Filter products by attributes.

Current solution is built on top of Oracle Database with the following schema:

Tables: stores, products, categories (hierarchy via MPTT), products_categories (references products and categories), productprices (references stores and products), attributes (references stores), productattributes (references attributes and products), attributevalues (references productattributes).

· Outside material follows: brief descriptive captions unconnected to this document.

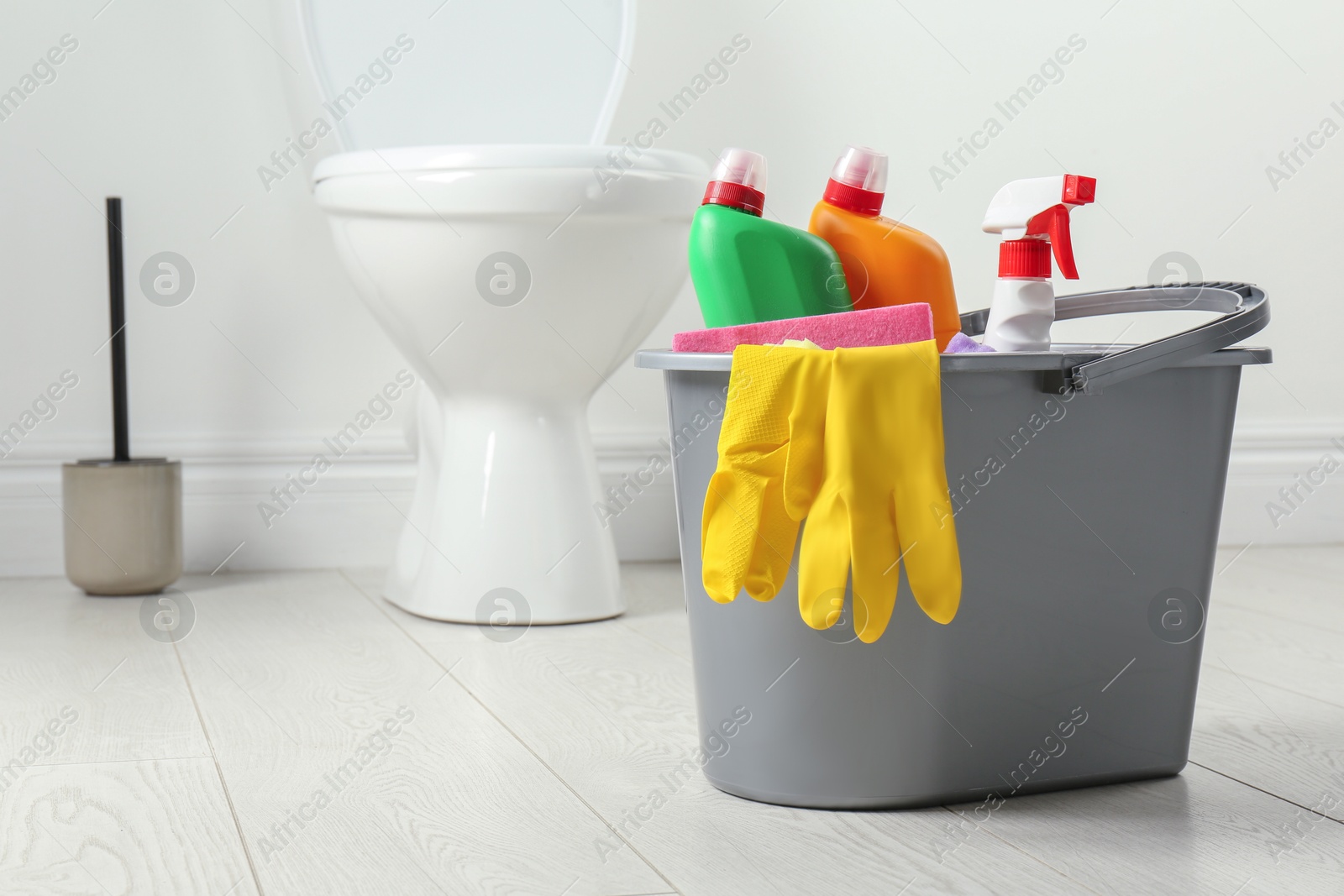 Photo of Bucket with different toilet cleaners and gloves on floor in bathroom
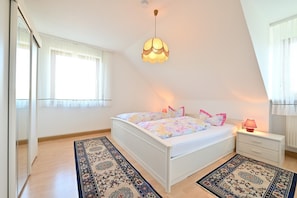 Una camera da letto con un letto, un comodino, una lampada e un lampadario.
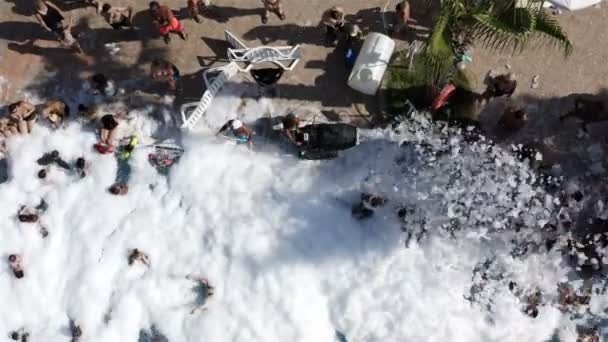 Animator van de generator sprays zeepschuim over het zwembad douchen toeristen met witte granen — Stockvideo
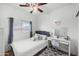 Cozy bedroom with plush carpeting, window with natural light, and a vanity desk setup at 925 E Doris St, Avondale, AZ 85323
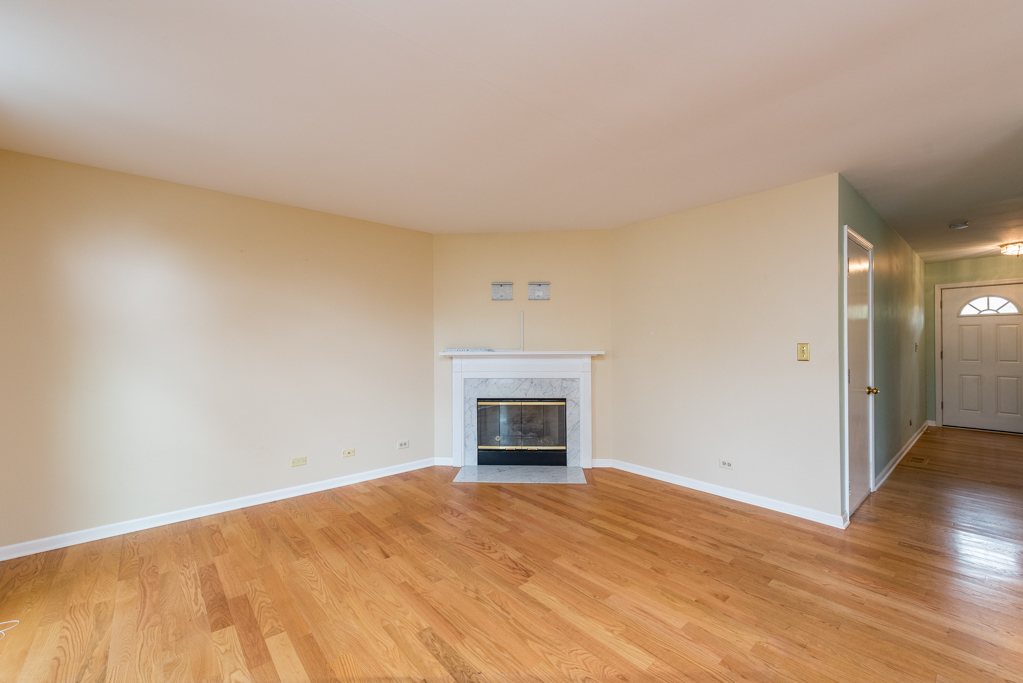 34321 Homestead Road Gurnee, IL 60031 - Photo 8 of 30 a view of empty room with wooden floor and fireplace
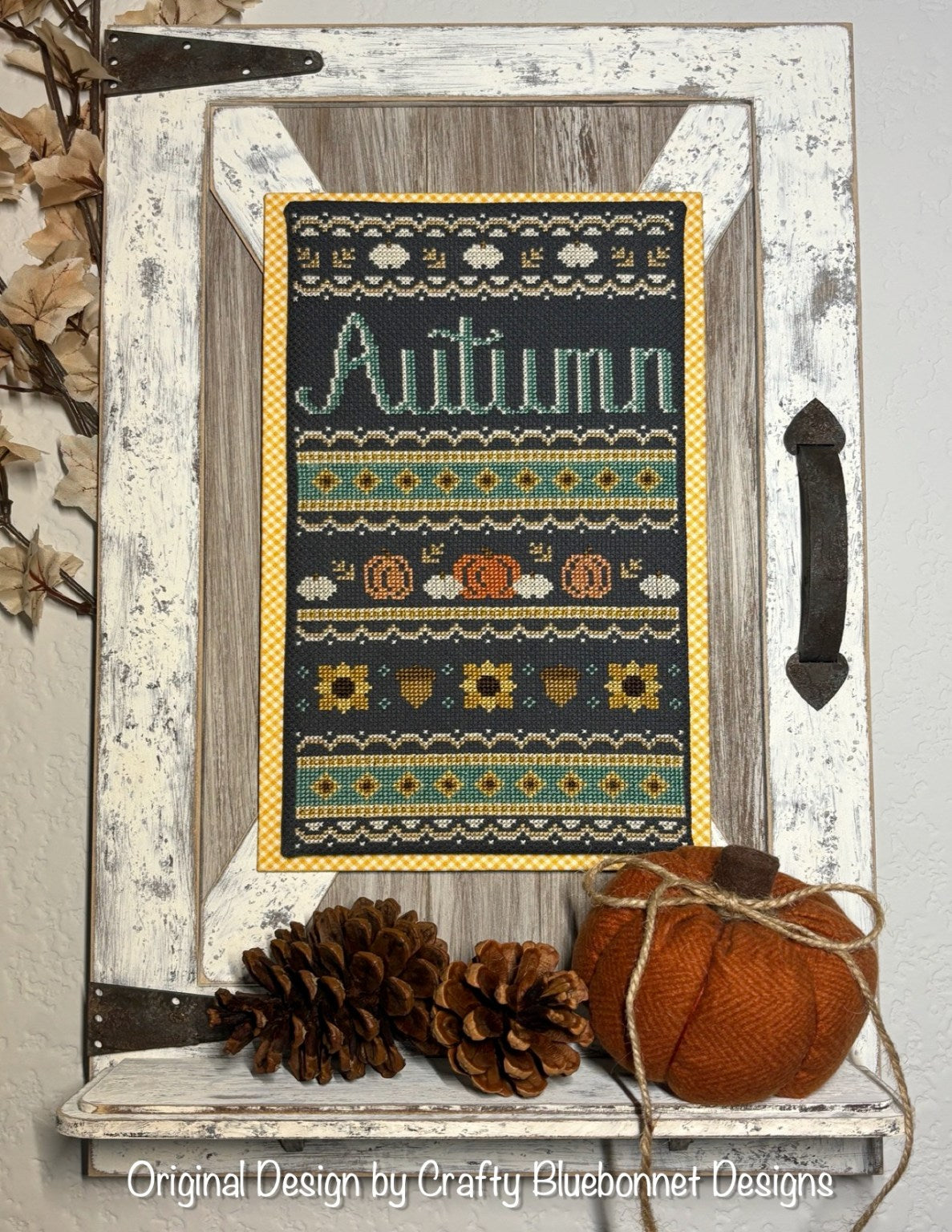 Decorative sign with 'Autumn' text and fall sampler pumpkins, sunflowers, acorns and leaves cross-stitch pattern on a prairie porch shelf wooden frame
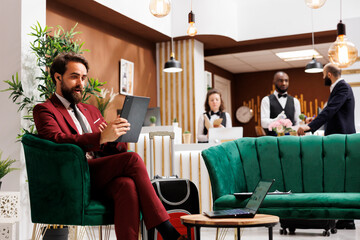 White collar worker talks on videocall, working abroad and travelling. Professional person in suit meeting online with partners to discuss new project ideas, using tablet in lobby at hotel. - obrazy, fototapety, plakaty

It sort of works, but starts to get slow. For example the query to get the categories with available products sometimes executes for less than a second, and sometimes it takes more than 30, depending on the data currently imported in the database.

The query in question:

SELECT "categories".* FROM "categories"

WHERE (

  NOT ("categories"."external_id" = '_reserved' AND "categories"."external_id" IS NOT NULL)

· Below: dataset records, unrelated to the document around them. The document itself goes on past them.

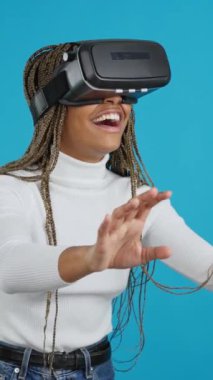 Video with blue background of a smiling african woman gesturing with hands while using a virtual goggles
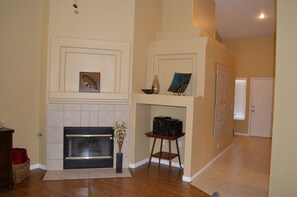 Hallway to front door, turn left to bedrooms, laundry room & garage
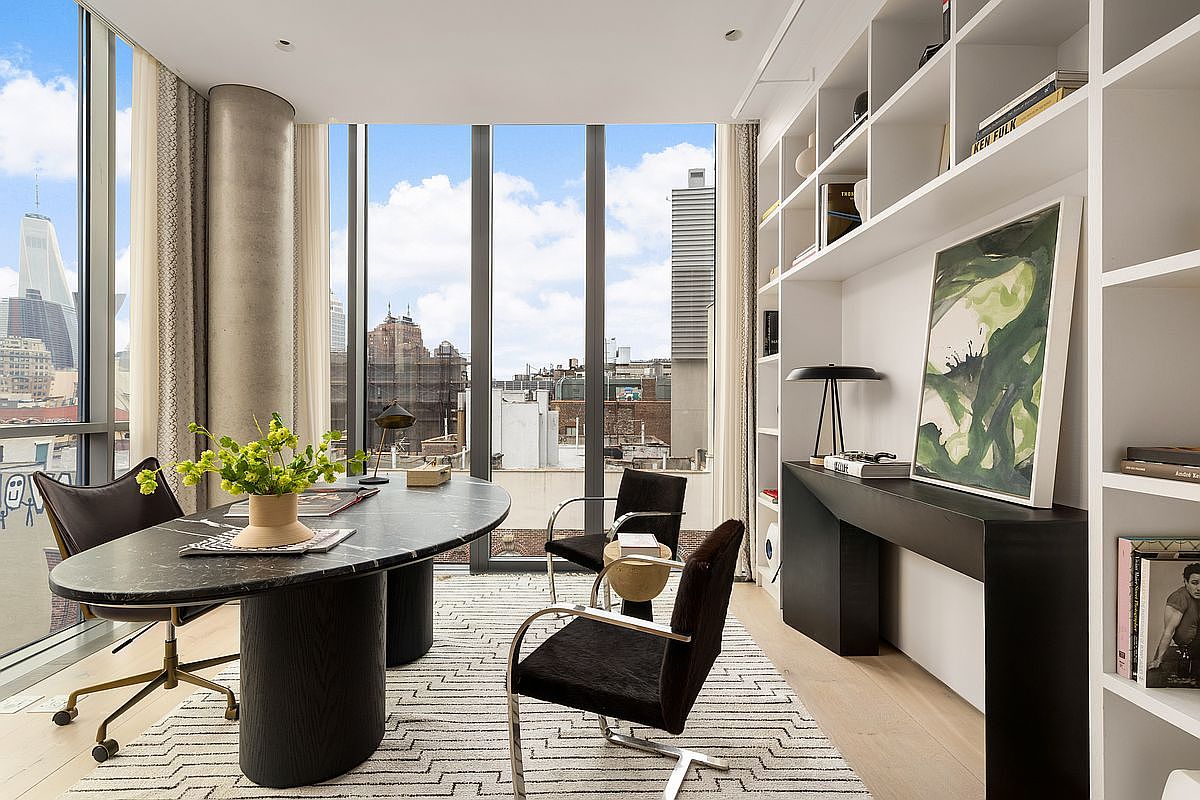This sophisticated home office features a striking oval-shaped desk with a dark stone top and cylindrical base, positioned to take advantage of the expansive floor-to-ceiling windows that offer a panoramic city view. The room is anchored by a geometric patterned area rug and includes built-in white shelving units that frame a sleek black console table topped with a piece of abstract art. The space exudes a modern, professional aesthetic with a clean color palette and high-end finishes.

  AND "categories"."is_promo" = 0

  AND "categories"."begins_on" <= to_timestamp('2018-11-27', 'YYYY-MM-DD')

  AND "categories"."ends_on" >= to_timestamp('2018-11-27', 'YYYY-MM-DD')

  AND (EXISTS(

    SELECT U0."id" FROM "productprices" U0

    INNER JOIN "products" U1 ON (U0."product_id" = U1."id")

    INNER JOIN "products_categories" U2 ON (U1."id" = U2."product_id")

    WHERE (

      U2."category_id" = ("categories"."id")

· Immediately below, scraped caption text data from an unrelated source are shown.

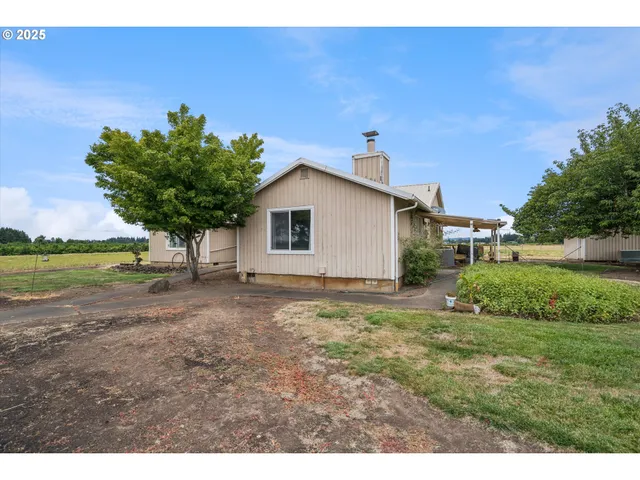 a backyard of a house with lots of green space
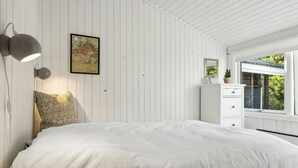 Un dormitorio con cama, mesita de noche, lámpara de pared, cuadro enmarcado, cómoda y ventana con vistas.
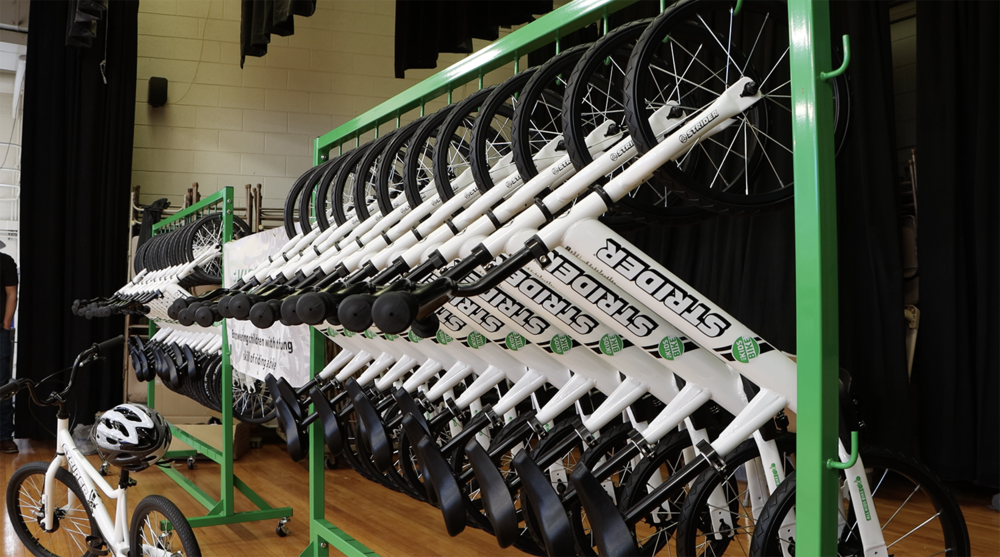 bicycle rack with bicycles hanging on it for students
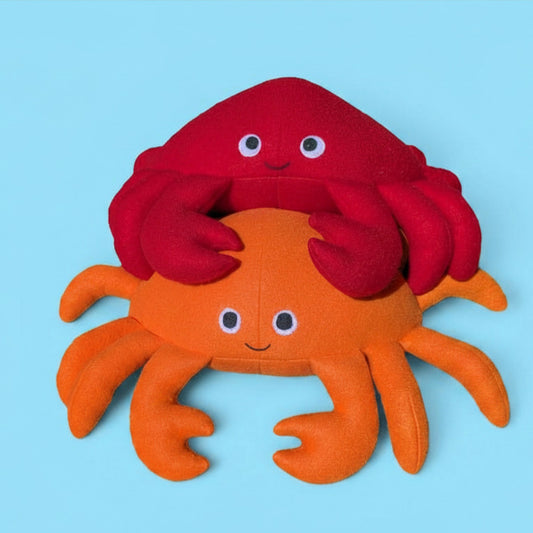 Two plush toy crabs, with a smaller orange crab underneath and a larger red crab sitting on top, set against a solid light blue background.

      AND U0."updated_at" >= to_timestamp('2018-11-27 00:00:00', 'YYYY-MM-DD HH24:MI:SS')

      AND U0."store_id" = 42

      AND U0."begins_on" <= to_timestamp('2018-11-27 09:00:00', 'YYYY-MM-DD HH24:MI:SS')

      AND U0."ends_on" >= to_timestamp('2018-11-27 09:00:00', 'YYYY-MM-DD HH24:MI:SS')

      AND (U0."discount" IS NOT NULL OR U1."has_special_offer" = 1)

      AND U1."is_adult" = 0))

  )

)

ORDER BY "categories"."tree_id" ASC, "categories"."lft" ASC

We're currently about to start migrating away from Oracle Database. The primary app database is going to be Postgres, but for a catalogue part of application I'm willing to take a look at the different storage. Or maybe I should just optimize the schema/queries?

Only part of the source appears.